On the other hand, if you were building a model that has a large data set with complex features, such as a dataset consisting of images, you’d benefit from training it on a neural network, as these algorithms are capable of understanding and analyzing complex feature sets.
3. Linearity of Relationships
This factor refers to the nature of the relationships between the features (input variables) and the target variable (output) in your data. You can group the linearity of relationships into two types.
For example, if there is a linear relationship between your target and features, consider using a model such as linear regression, logistic regression, or support vector machines(SVM). This is particularly useful in linear relationships, like predicting a car’s fuel consumption considering its engine capacity and weight.
But if there is a non-linear or complex relationship between your target and features, consider using a model such as decision trees, random forests, gradient boosting machines, and neural networks. This is particularly useful for scenarios where you’d want to predict rainfall at a specific location based on various indicators and historical data that follow non-linear relationships.
4. Handling Categorical Features
Proper handling of categorical features when training a model is important, as it can impact the accuracy of predictions.
Some algorithms natively handle categorical features very well. These algorithms are mostly tree-based, like a Decision Tree or a Random Forest. They are best suited for use cases like predicting customer churn rates based on features like subscription category and account age.

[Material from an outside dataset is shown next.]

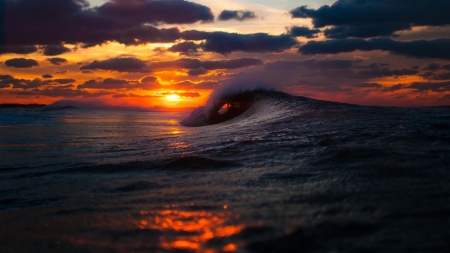 Ocean Sunset - nature, ocean, sky, clouds, sunset, waves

On the other hand, specific algorithms, such as linear regression, logistic regression, or support vector machines, require preprocessed categorical features through techniques like one-hot encodings. These algorithms are best suited for use cases like credit risk assessment, which considers employment status, education level, and marital status. Such categorical features should be one-hot encoded before being used in ML models.
5. Interpretability vs. Accuracy
Some models are best suited for their interpretability, while others are preferred for their accuracy, even if they are less interpretable.
For example, when it comes to assessing loan risk, models like linear regression, logistic regression, and decision trees are popular choices. These models are straightforward, and their decisions are easy to understand, which is essential for meeting regulatory and legal requirements.
On the other hand, for applications like recommender systems, where understanding the exact reasoning behind each decision isn’t as crucial, more complex models such as random forests, gradient boosting machines, and neural networks are often used. These models can deliver higher accuracy, but their inner workings are more complex and harder to interpret.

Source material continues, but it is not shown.